Le reazioni dei partiti sono tiepide. E il rischio vero è che si ripeta il meccanismo dei veti incrociati già visto per la riforma del lavoro. Non c’è dubbio che Pd e Pdl non siano disposti a firmare cambiali in bianco e non è un caso se da entrambi gli schieramenti arriva una disponibilità di fondo a ragionare sul da farsi, a patto però che non si debba rischiare di perdere ulteriore consenso di fronte alla mannaia di ulteriori tagli, visto che il Paese sta già facendo i conti con la recessione. Per questo se Bersani dice no alle forbici sul sociale (uno dei settori dove dovrebbe incidere la cura dimagrante è quello della sanità), Cicchitto dal Pdl ribadisce la necessità di andare a guardare bene e prima la “quantità e la qualità dell’intervento”. Diverso l’atteggiamento di Udc e Fli che, invece, chiedono al premier di non farsi condizionare da veti e controveti.
Oggi dunque il primo faccia a faccia coi sindacati, poi con gli enti locali indisponibili a subire la mannaia su sanità e trasporti. Insomma, va bene ridurre la spesa pubblica ma non con tagli lineari e indiscriminati, avverte Bonanni. Per il vicepresidente dei senatori Pdl Gaetano Quagliariello ridurre la spesa pubblica è positivo e necessario ma a fronte di ulteriori riduzioni ci deve essere un impegno preciso del governo ad abbassare la pressione fiscale.

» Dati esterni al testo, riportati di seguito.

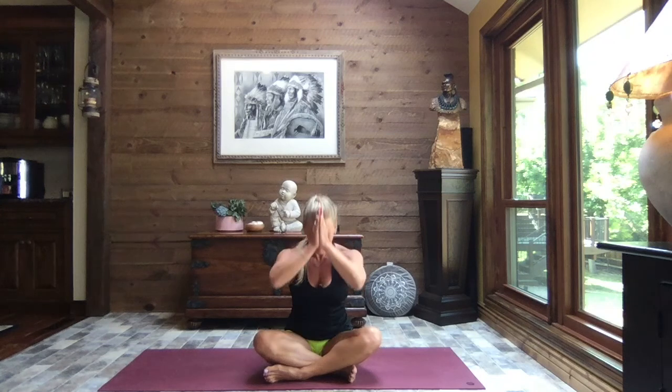I just want to thank you so much for joining me today. I hope this was a great class for you, I hope you feel amazing, and I hope the rest of your day is absolutely incredible. Be well, my friends, and until the next time — namaste.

Una mano a Monti la dà il presidente del Senato Schifani quando invita la maggioranza a far prevalere il senso della responsabilità e della concordia su misure che dovranno essere l’eccezione e non la regola e che adesso sono necessarie. Parole che sintetizzano la posizione delle ‘colombe’ pidielline convinte del sostegno a Monti fino alla scadenza naturale della legislatura e, dopo l’esito del vertice europeo intenzionate a rivendicarne la validità in contrapposizione ai ‘falchi’ pronti a staccare la spina. Ipotesi adesso molto più debole rispetto a qualche giorno fa, anche perché il capo dello Stato ha fatto intendere chiaramente che sull’idea di un voto anticipato si metterebbe di traverso esercitando le prerogative che la Costituzione gli assegna. Monti, del resto, è tornato a Roma più forte e non ha intenzione di impantanarsi nei tatticismi della politica. E’ probabile che lo faccia capire oggi quando in Parlamento relazionerà sul Consiglio europeo e alla vigilia della mozione di sfiducia al ministro Fornero. Passaggio che gli anti-montiani interpretavano come l’incidente per far saltare il banco. Ma in tre giorni lo scenario è già mutato.